Economists often use letters of the alphabet to describe how they think the economy will recover from a recession. A ‘V’ shaped recovery, where everything bounces back very quickly, is often talked about but rarely experienced. An ‘L’ shaped recovery describes a sharp drop and a long delay before any recovery can be seen. For the current economic situation, commentators are frequently using the letter ‘K’ to describe what they see happening. A ‘K shaped recovery refers to the two legs of the K – things get better very quickly for those on the upper leg of the K, but a recovery is delayed for those on the bottom leg.

Recessions have different impacts on workers, depending on factors like industry, location, and age. COVID-19 has magnified this reality for two reasons. The scale of employment impacts has been much larger than recent recessions, and there have been markedly different outcomes for workers based on a few key characteristics.

Workers largely fell into three categories: those who were able to work from home, essential workers whose work must be conducted in person, and workers who lost employment because their workplace scaled down or shut down completely. At the peak in April, five million people were able to work from home, seven million continued to work in person, and 5.5 million people lost their job or most of their hours of paid employment.

Initial job losses and the extent of employment recovery vary significantly by industry. Those who were able to work from home were concentrated in a few industries with higher wages, like finance, insurance, and professional and technical services. Those who lost their jobs or hours of work were more likely to be precarious workers in service industries, such as accommodation and food services, recreation, and retail. Even within industries, precarious workers are more likely to have lost employment compared to people with permanent and full-time jobs.

When talking about the shape of an economic recovery, economists are usually thinking about graphs marking the change in a few key indicators, like gross domestic product (GDP), stock market prices, and employment rates. Sometimes these indicators have similar recovery trajectories, but this will depend on what has caused the recession, and how adept policy makers are at responding to the crisis.

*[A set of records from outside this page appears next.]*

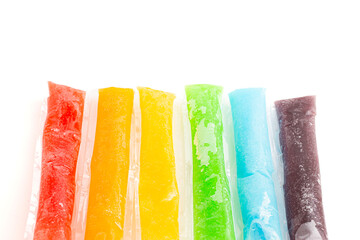 ICEE Pops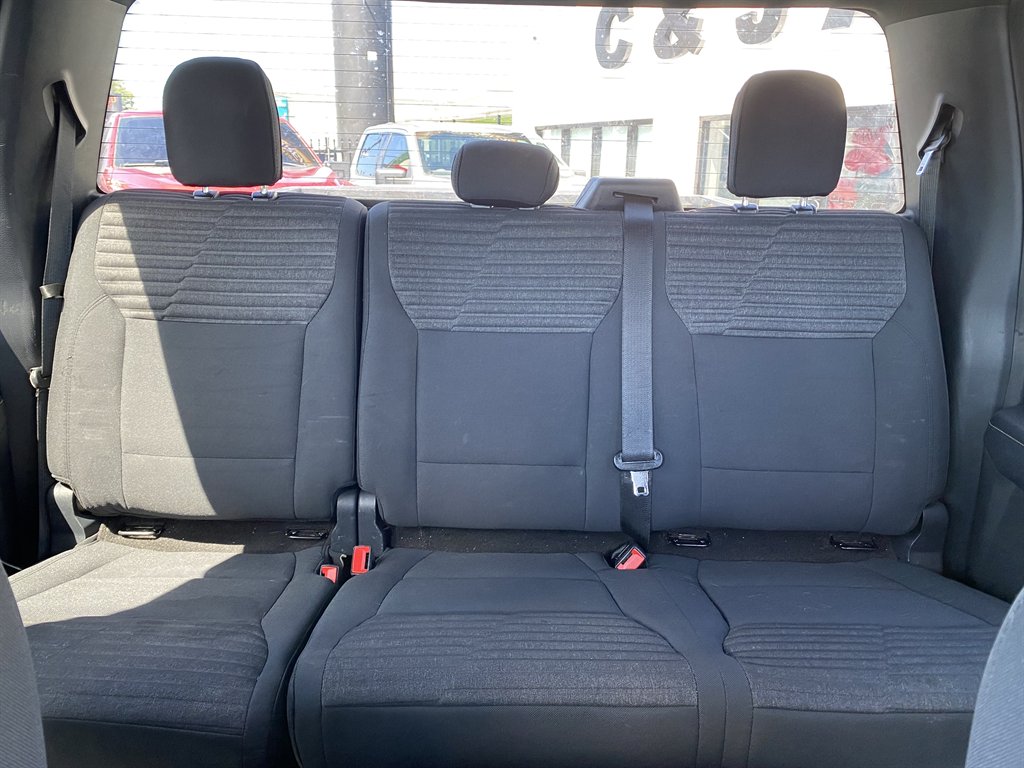 2021 Ford F-150 - $22,999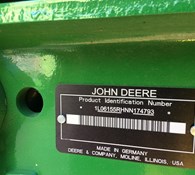 2023 John Deere 6R 155 Thumbnail 37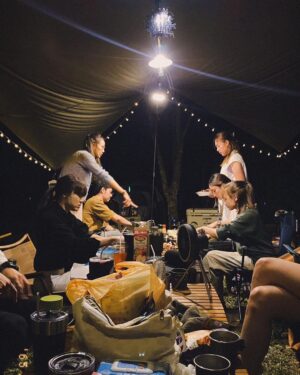 Supakrit Charoonmatha Instagram - Winter weekend getaway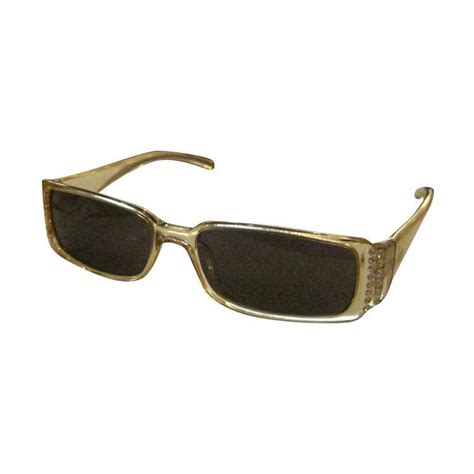 John Galliano For Dior Sunglasses With A Sparkle At 1stdibs John Galliano Dior Sunglasses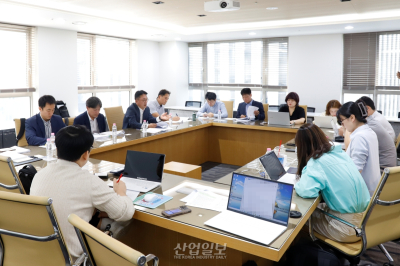 내년도 중소기업 수출 지원 예산 제자리걸음…수출바우처 늘고 대부분 유지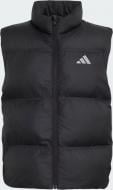 Жилет Adidas J SD VEST KH0203 р.164 черный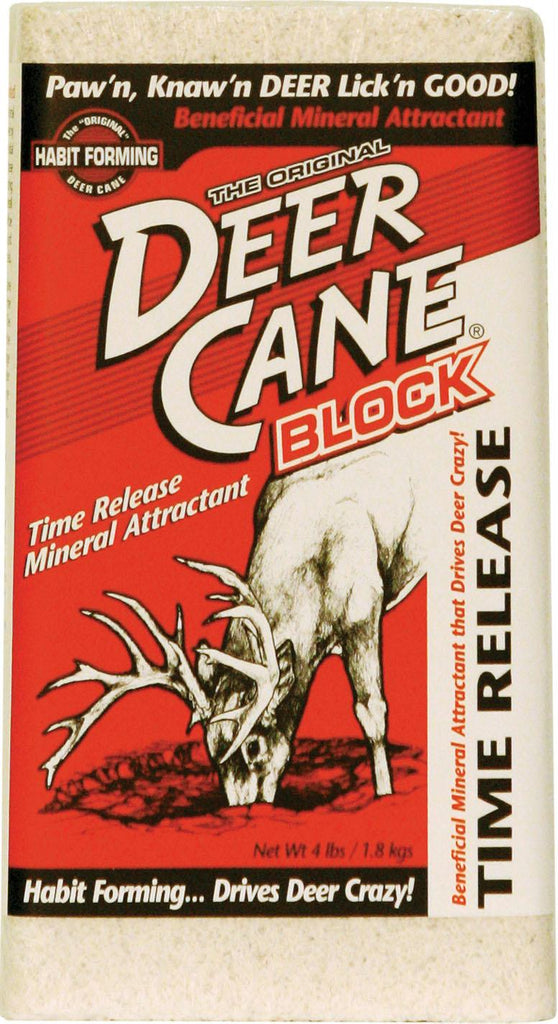 Deer Cane Block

With COVID-19, the stock market recovered faster than any other measure, largely because of central banks that lowered lending rates, and national governments that offered numerous lending and income support measures to stabilize parts of the economy.

Savings rates have increased, as higher income households have spent less money on eating out, travel, and recreation. The housing market has surprised by continuing to grow in most Canadian cities, but this may be partly due to low mortgage rates and households deciding to put their increased savings into real estate. At the same time, an increased number of renters who have been unable to keep up with rent payments are facing evictions.

The current economic crisis has not had an equal impact, whatever shape is used to describe it. The shape of the recovery from this point on depends on how well jurisdictions are able to limit the spread of COVID-19 and maintain support for those who have been most affected through job loss and illness. Governments must not shy away from continuing to make much-needed investments in our health and our economy throughout the recovery.